((

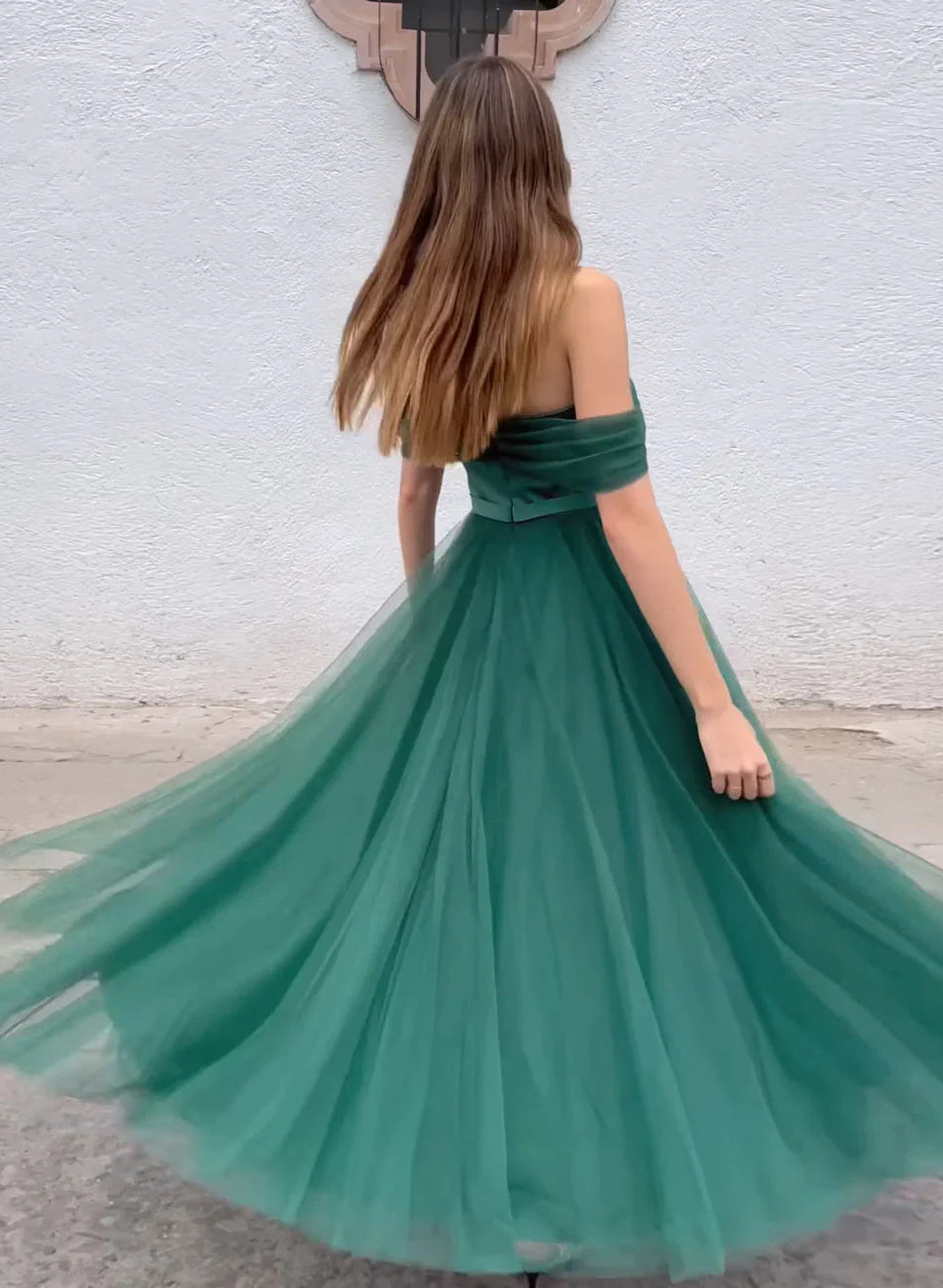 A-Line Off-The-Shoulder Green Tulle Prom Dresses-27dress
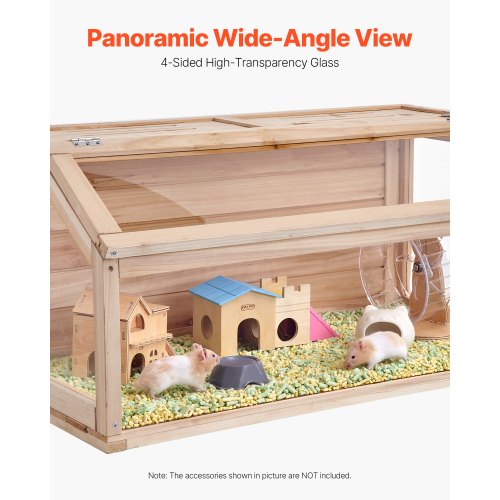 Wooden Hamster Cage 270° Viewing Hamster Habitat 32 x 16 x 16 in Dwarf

))
((

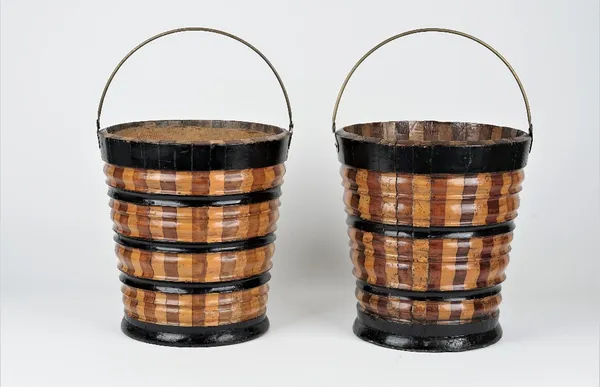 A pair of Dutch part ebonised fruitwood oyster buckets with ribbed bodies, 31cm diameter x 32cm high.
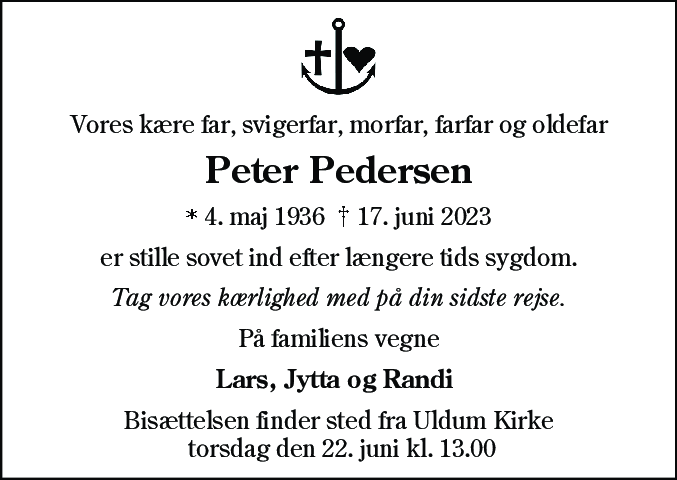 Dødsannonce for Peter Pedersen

))

Work item: Exactly as written above, retype the lines starting at the one holding "A-Line Off-The-Shoulder Green" and ending at the one holding "Wooden Hamster Cage", both included, but not the pictures.

Solution to this task:
 A-Line Off-The-Shoulder Green Tulle Prom Dresses-27dress
 Wooden Hamster Cage 270° Viewing Hamster Habitat 32 x 16 x 16 in Dwarf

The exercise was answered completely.